L’Allemagne championne toutes catégories
Berlin bat les records de méfiance. Seulement 20 % des interrogés se montrent optimistes quant à l’avenir et 47 % pensent que le capitalisme dans sa forme actuelle est plus nocif que positif. Il en va de même avec la confiance envers le gouvernement. 48% font confiance à l’économie et les ONG recueillent un crédit de confiance de 40%. Le baromètre souligne un écart de 21% entre les réponses des sondés issus des revenus modestes et ceux des hauts revenus. Une majorité pense que les leaders politiques et les médias leur mentent et sont clairement perçus comme des forces de division. Seules les informations originaires des entreprises sont considérées comme fiables. 70% des interrogés attendent des grands patrons qu’ils participent de manière constructive au dialogue sociétal.

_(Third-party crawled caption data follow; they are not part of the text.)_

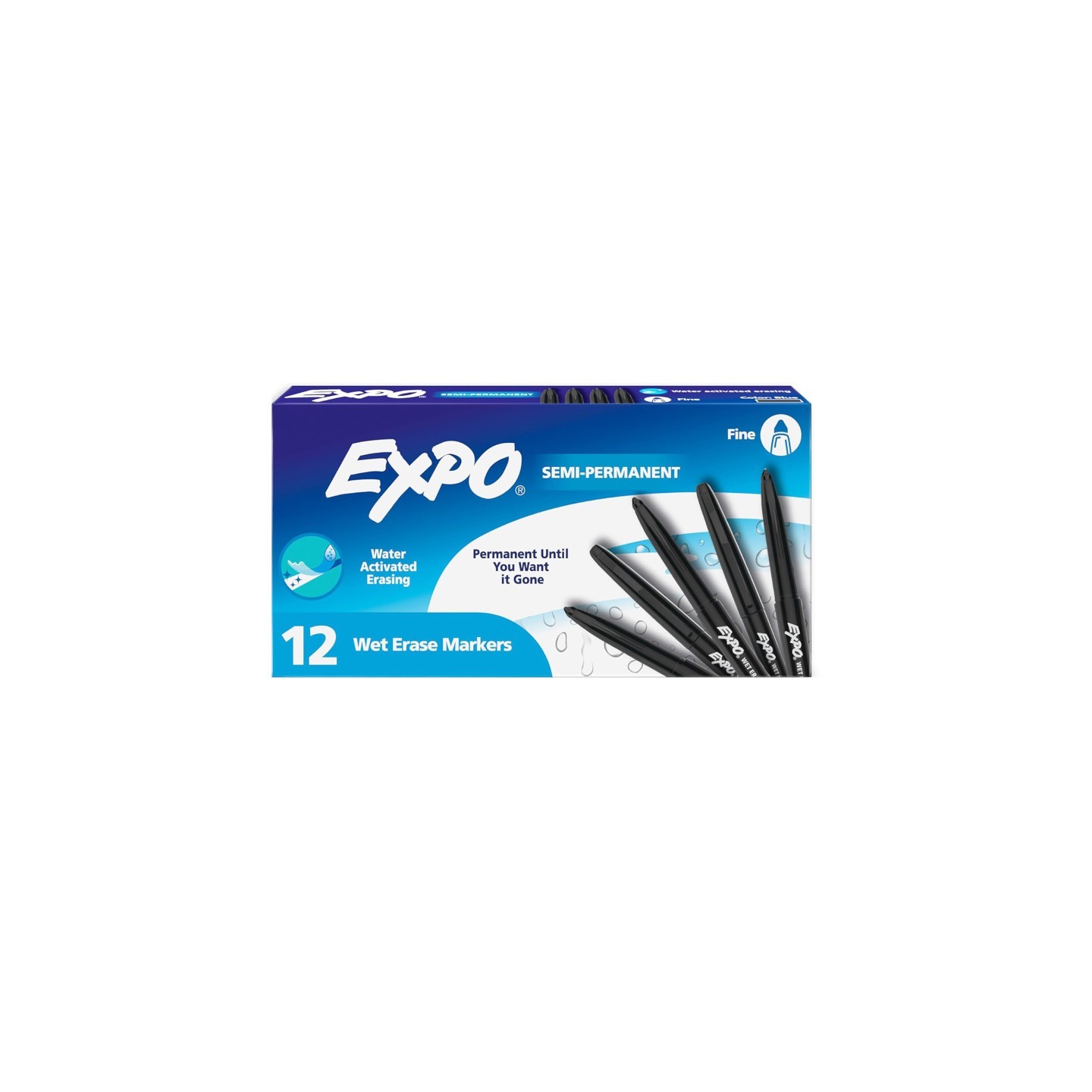 EXPO® Vis-a-Vis Wet Erase Markers, Fine Point, Black, 12 Count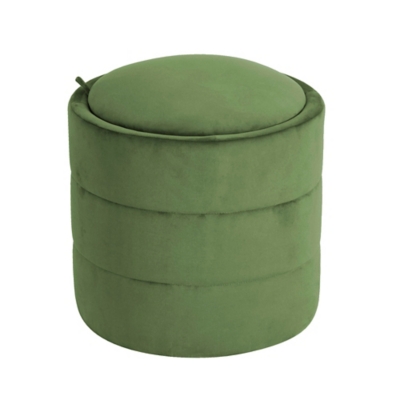 Kinfine USA HomePop Round Storage Ottoman, Green, large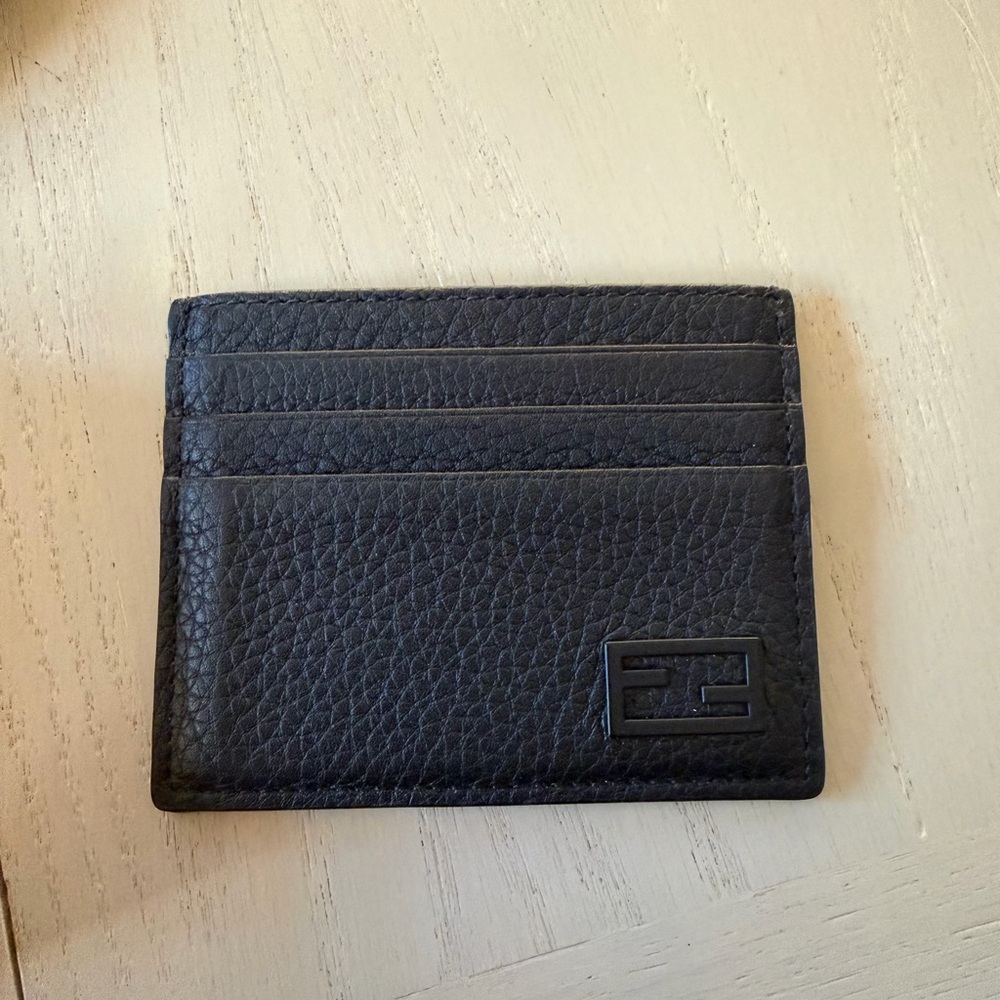 Fendi Black Textured Leather Card Holder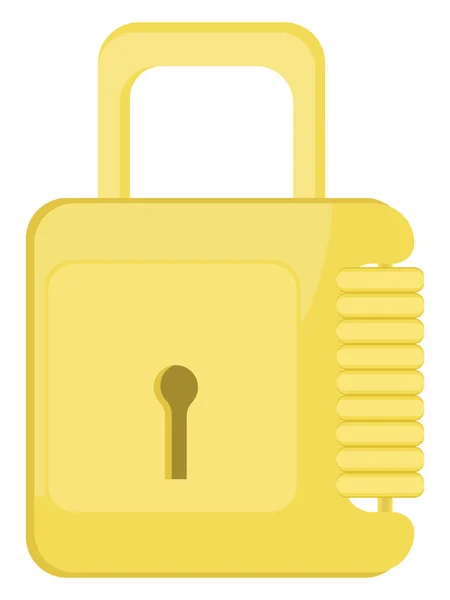 Golden Secutiry Lock Illustration Vector White Background — Stock Vector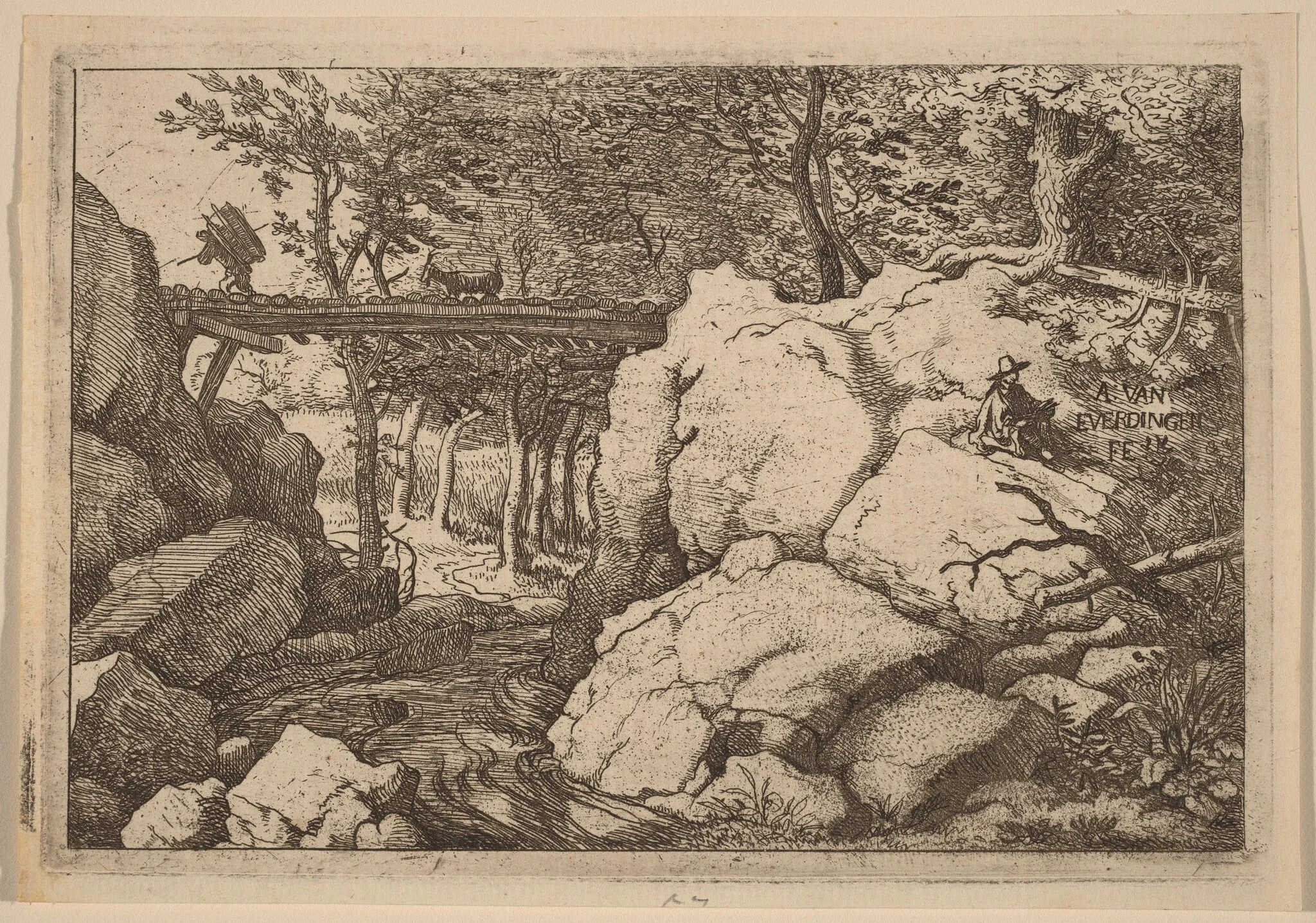 Goat on a small Bridge, by Allart van Everdingen, ink, 1650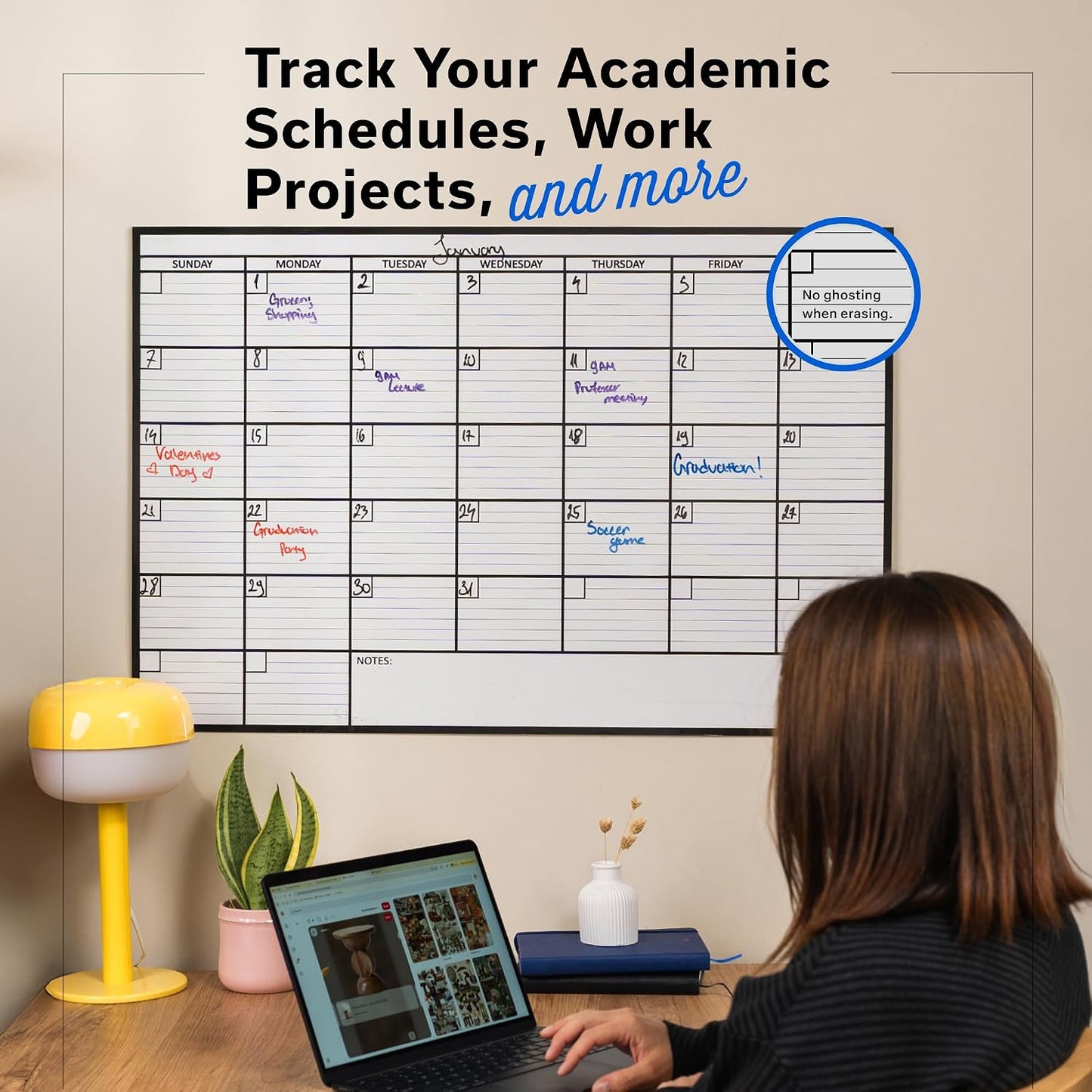 Large Dry Erase Calendar for Wall 36x48, Big Classroom Giant Month, Undated Reusable Family Monthly, Rolled Whiteboard White Board, Calendar Dry Erase Planner for Wall Erasable Large Office 48x36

Le sondage a été fait en novembre de l’année dernière. Un nouveau sondage flash a été effectué fin janvier 22 et montre que la confiance est remontée de quelques points à la suite de la mise en place du gouvernement Scholz, mais fondamentalement rien ne change. Selon le baromètre une politique de dialogue qualitatif de haut niveau est perçue comme étant une des clefs au rétablissement.
Qui mérite la confiance ?
Sur un plan général, il y a peu d’élus : la confiance envers l’Union européenne baisse constamment et seule l’Organisation mondiale de la santé s’en sort honorablement. La méfiance déclarée envers les produits d’origine chinoise, indienne ou coréenne est contrebalancée pour la confiance dans les produits occidentaux et des secteurs économiques comme les technologies, l’éducation et les industries touchant à la santé.
Les services financiers, qui reviennent de loin, passent péniblement la barre des 50 % de confiance. Il en va de même pour les médias où le seul pays à tirer son épingle du jeu est les Pays-Bas. Les réseaux sociaux polarisent la méfiance, les entrepreneurs et les ONG par contre capitalisent en matière de sympathie.
Le Luxembourg
Le pays n’est pas repris dans le baromètre Edelman. La proximité parfois la familiarité des politiciens de tout bord avec les électeurs y fausse certaines perspectives. Le pays garde une sorte de tendresse pour ceux qui ont été élus, mais le « Beschass », cette spécialité composée de médisance et de rumeurs n’est guère tendre avec eux. Malgré la gentillesse des questions posées lors des sondages luxembourgeois de novembre 21 et juillet 22 on peut y lire un fil conducteur qui montre une opinion publique qui semble avoir une piètre opinion de la qualité du travail fait par beaucoup de politiciens même si leur notoriété reste haute. Même connu, on ne devient pas pour autant un foudre de guerre en politique. Une fois n’est pas coutume, l’abbé de St Maximin sauve la mise, mais certaines de ses ouailles risquent fort d’écouter le chant des pirates.